◆ Work request
Set down exact lines only, from the line with "NexTool - Alcoholtester" through the last line of the material below, with every picture left out.
(Data segment)
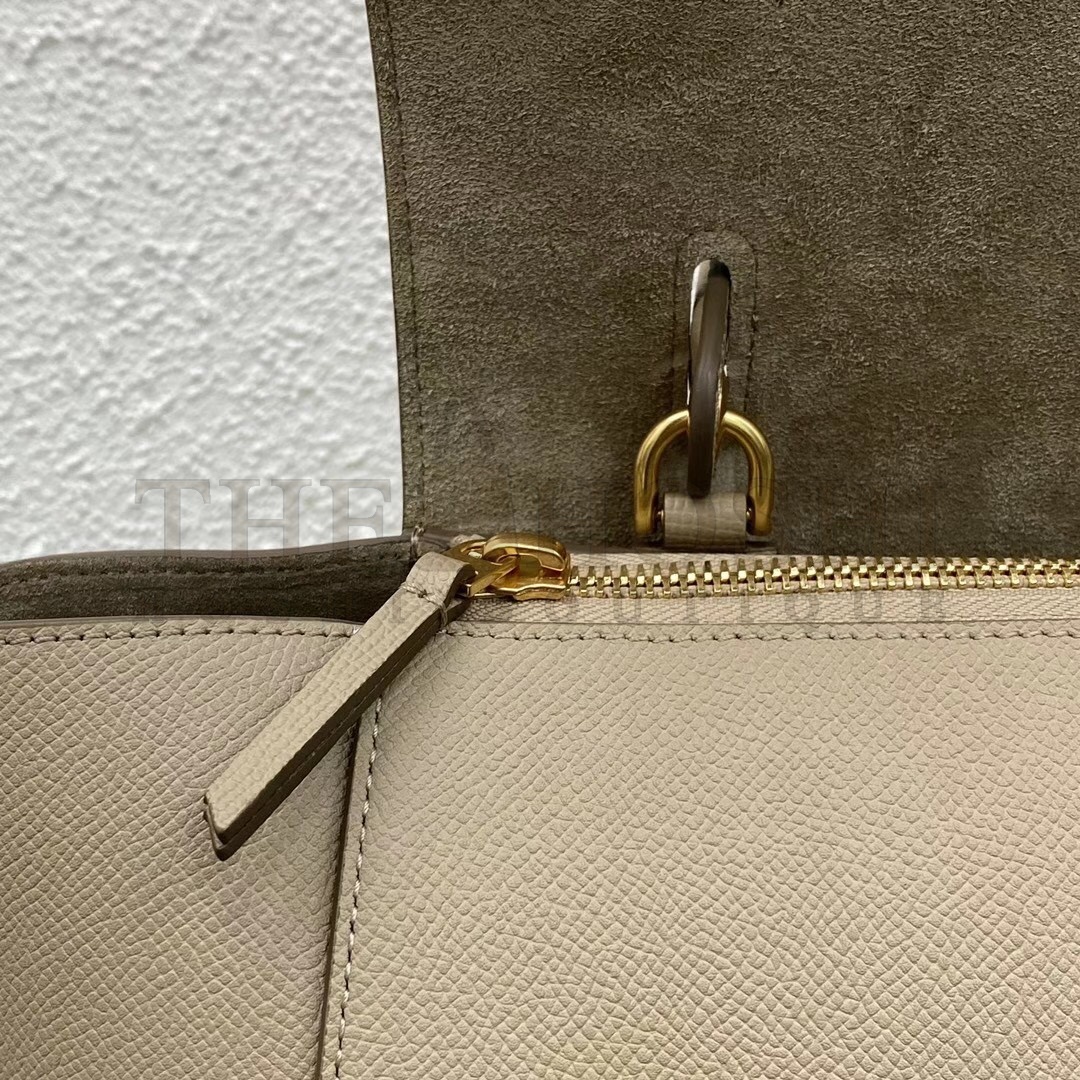Ce1i*e Belt Mini Bag In Light Taupe Grained Calfskin Master Quality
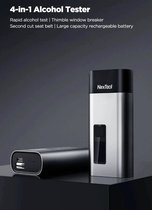 NexTool - Alcoholtester - USB oplaadbaar - Touw cutter - Autoraam breker - oplader voor mobiel.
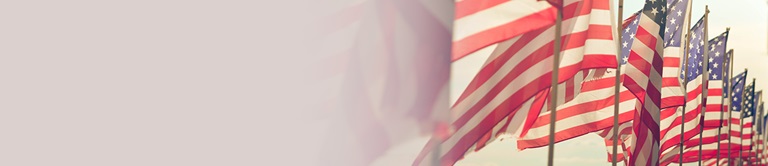 American flags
(End Data segment)
◆ Result of this task
 NexTool - Alcoholtester - USB oplaadbaar - Touw cutter - Autoraam breker - oplader voor mobiel.
 American flags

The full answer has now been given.